(Beginning of THE RECORDS)
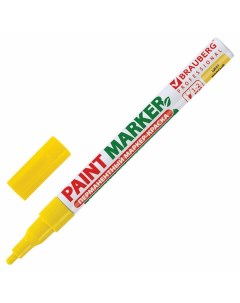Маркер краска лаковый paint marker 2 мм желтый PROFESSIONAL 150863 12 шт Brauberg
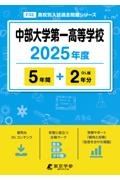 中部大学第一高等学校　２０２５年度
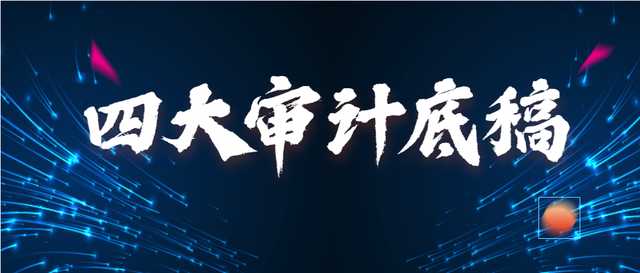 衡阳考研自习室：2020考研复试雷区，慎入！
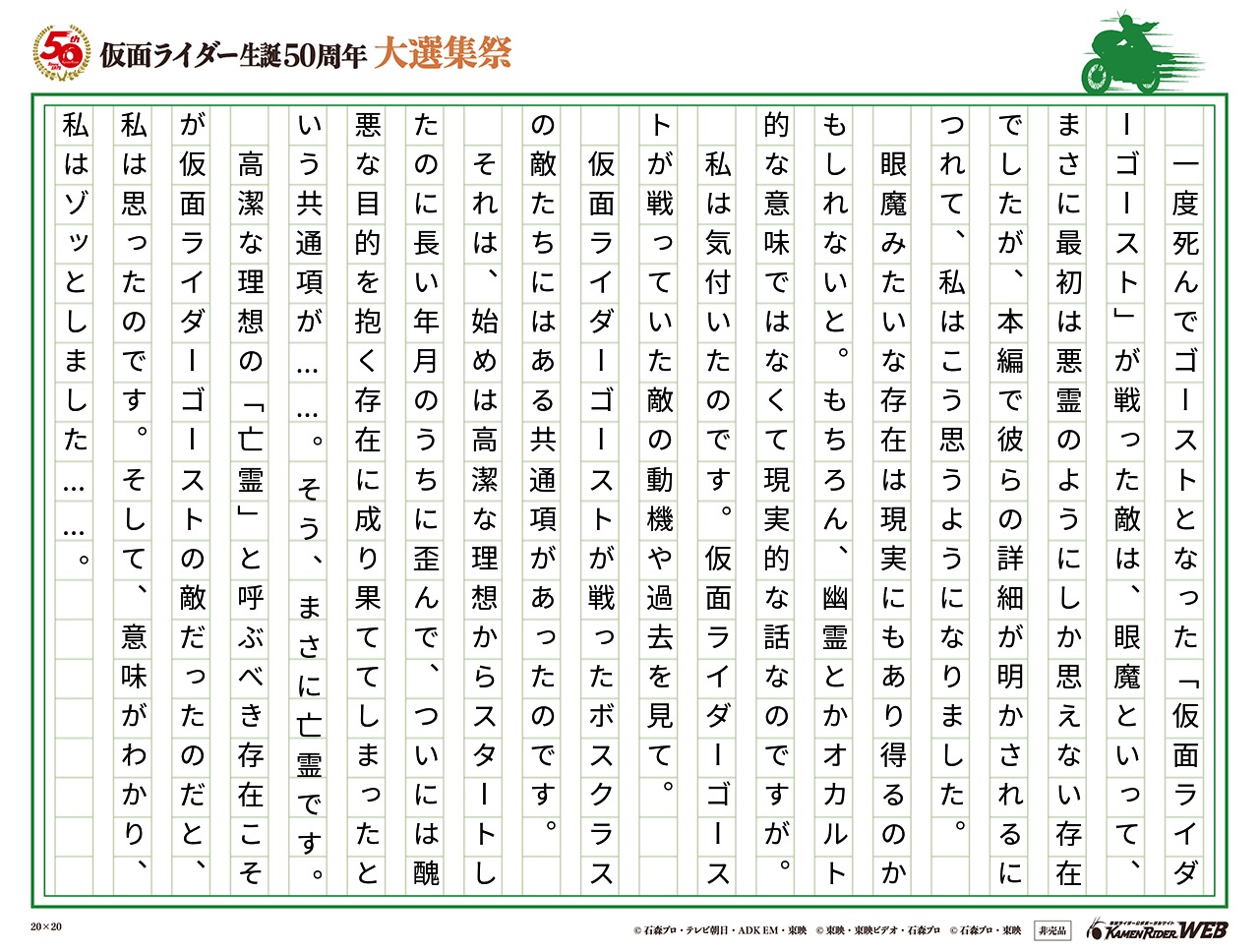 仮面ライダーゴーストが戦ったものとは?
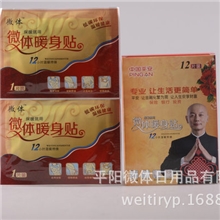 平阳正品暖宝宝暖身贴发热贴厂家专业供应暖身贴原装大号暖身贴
(End of THE RECORDS)
(Beginning of THE RECORDS)
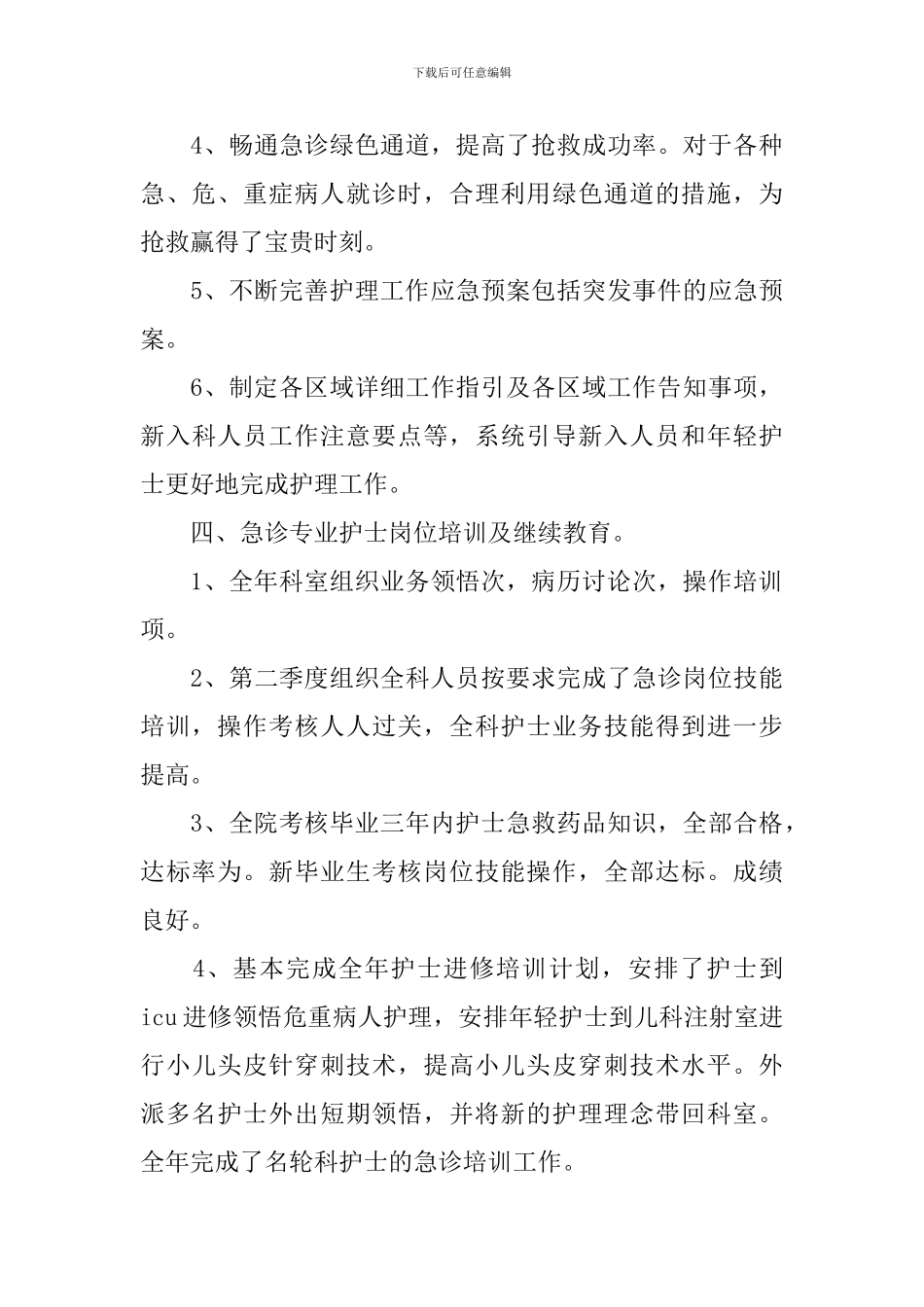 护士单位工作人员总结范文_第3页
(End of THE RECORDS)
WHAT YOU WILL DO: Within the material above, find the part that opens with the line containing "仮面ライダーゴーストが戦ったものとは?" and closes with the line containing "平阳正品暖宝宝暖身贴发热贴厂家专业供应暖身贴原装大号暖身贴", and reproduce it exactly without the pictures.

RESULT FOR THIS TASK:
 仮面ライダーゴーストが戦ったものとは?
 平阳正品暖宝宝暖身贴发热贴厂家专业供应暖身贴原装大号暖身贴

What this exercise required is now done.